> [EXERCISE OBJECTIVE] Below are some records. Write out exactly their lines from the one with "INTEL İ7 9700K" through the one with "Restaurant/places to eat", and leave the pictures behind.

> [DATA PROVIDED]
================

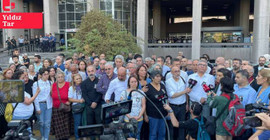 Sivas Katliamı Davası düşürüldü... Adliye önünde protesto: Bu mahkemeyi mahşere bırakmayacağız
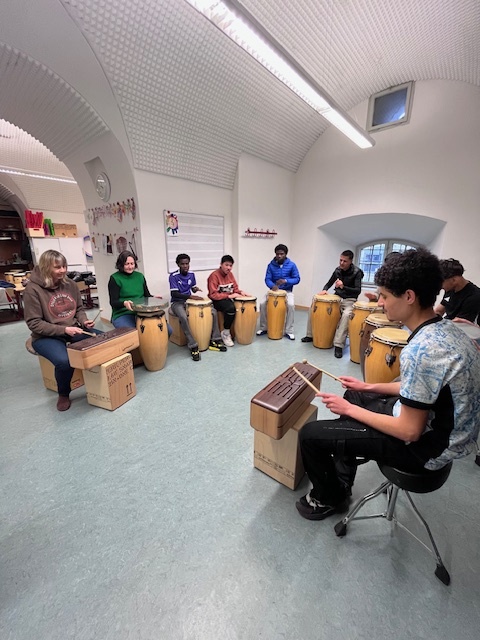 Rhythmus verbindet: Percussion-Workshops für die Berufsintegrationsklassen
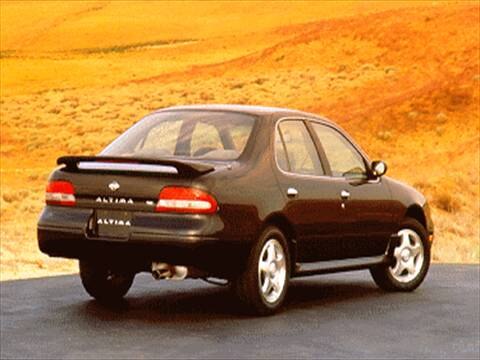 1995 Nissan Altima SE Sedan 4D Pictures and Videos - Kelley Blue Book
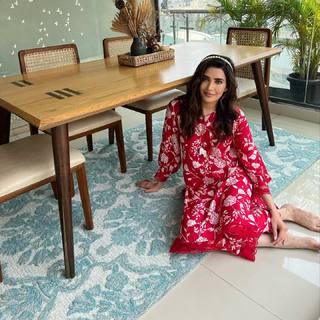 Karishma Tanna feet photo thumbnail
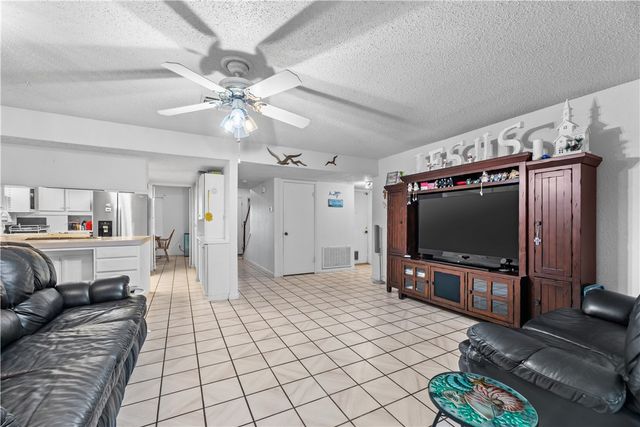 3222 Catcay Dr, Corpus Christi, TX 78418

================

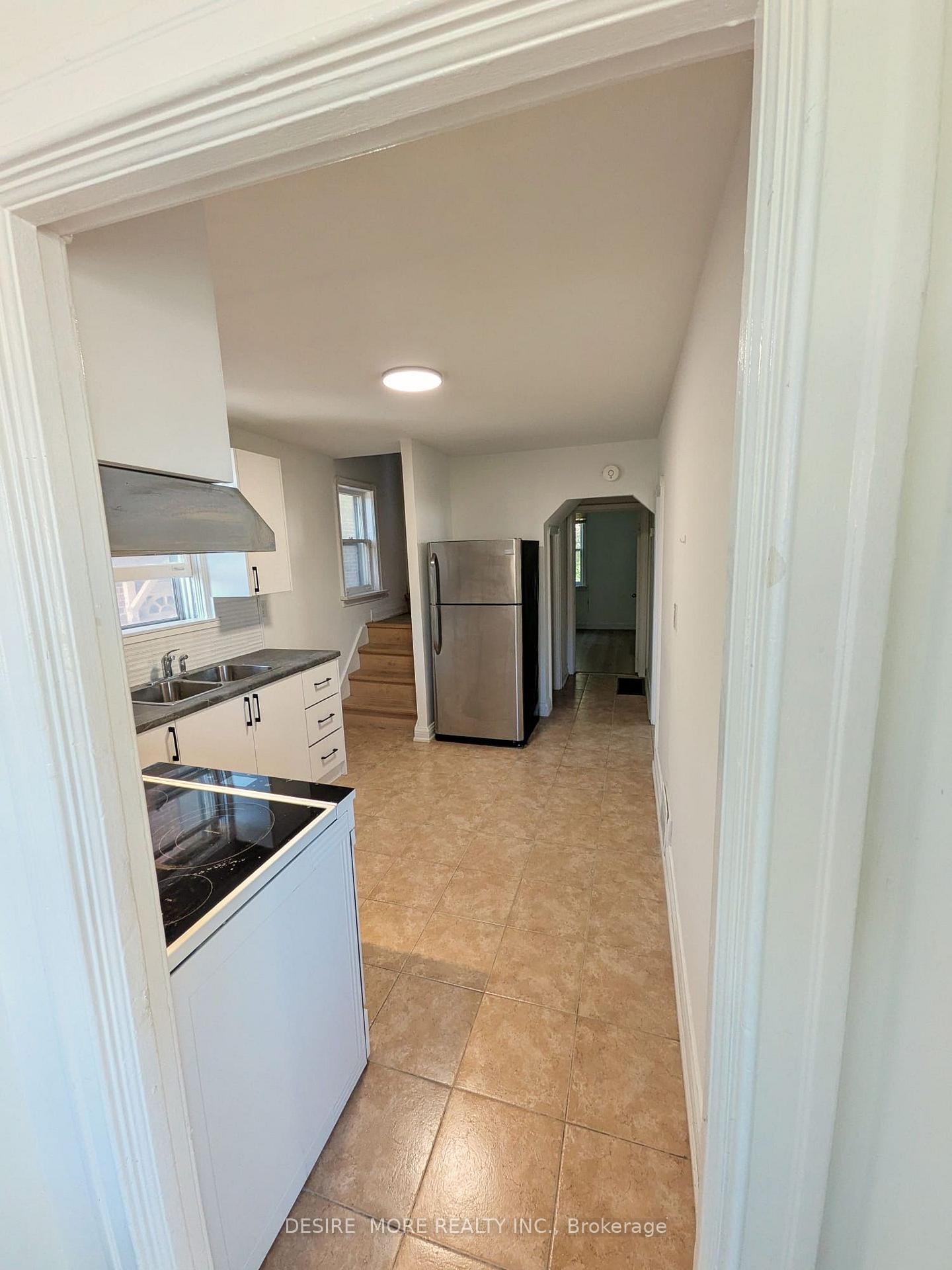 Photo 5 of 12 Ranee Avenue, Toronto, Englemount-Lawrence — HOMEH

================

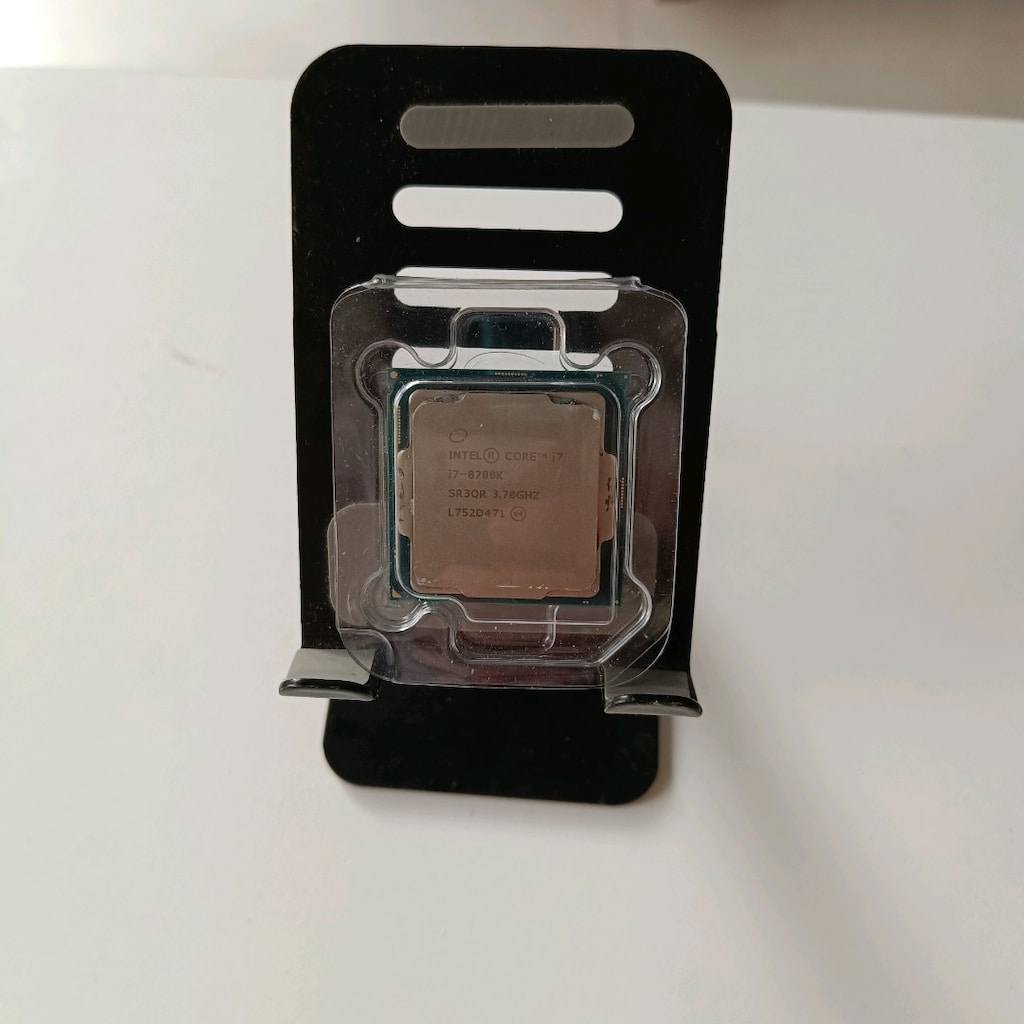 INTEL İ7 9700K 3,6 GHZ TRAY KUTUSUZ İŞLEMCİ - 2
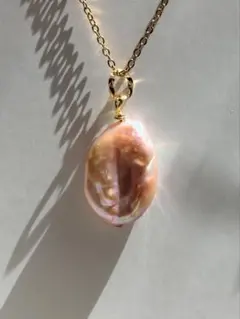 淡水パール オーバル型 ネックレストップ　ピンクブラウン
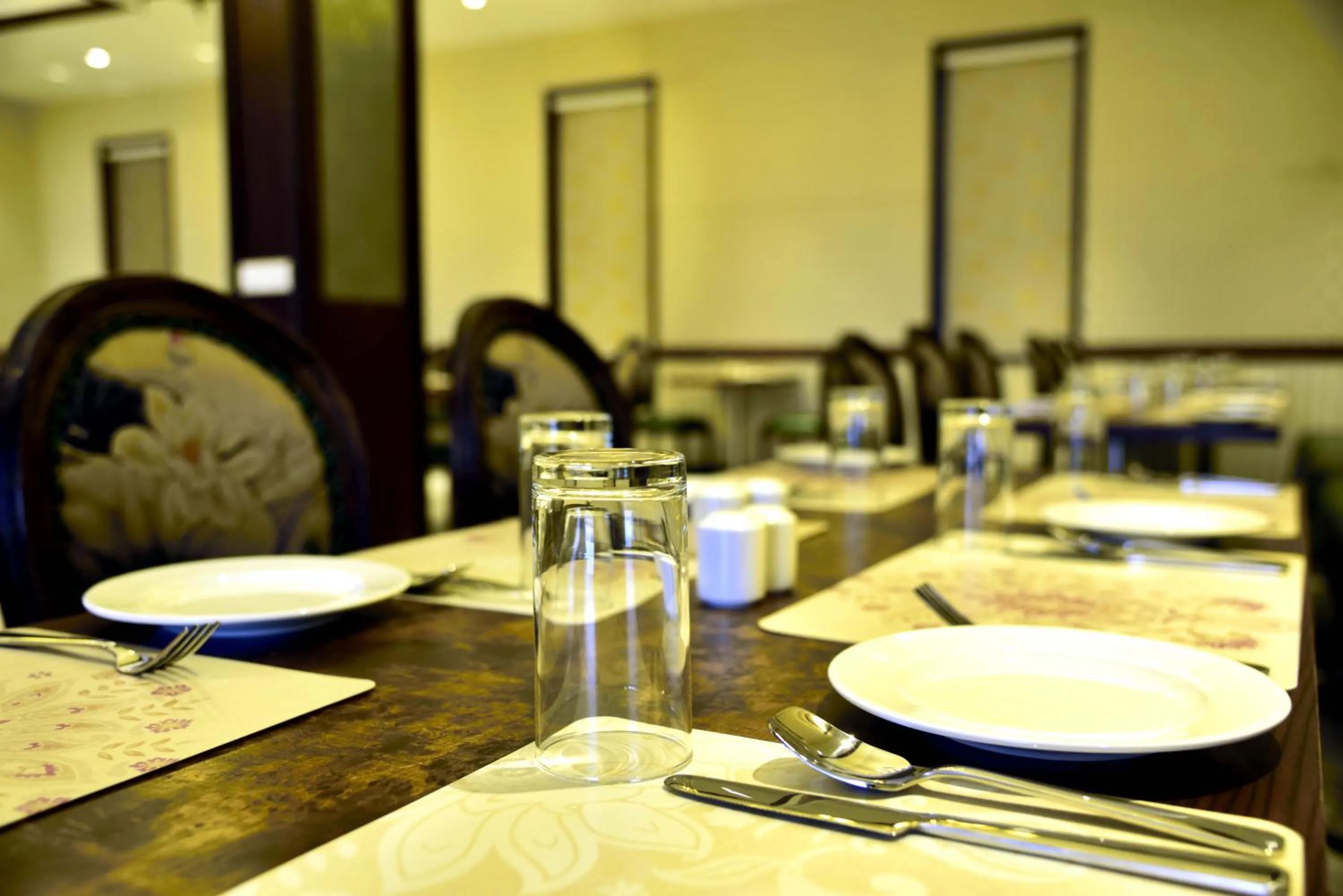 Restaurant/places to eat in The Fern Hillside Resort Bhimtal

================

> [TASK RESPONSE]
 INTEL İ7 9700K 3,6 GHZ TRAY KUTUSUZ İŞLEMCİ - 2
 淡水パール オーバル型 ネックレストップ　ピンクブラウン
 Restaurant/places to eat in The Fern Hillside Resort Bhimtal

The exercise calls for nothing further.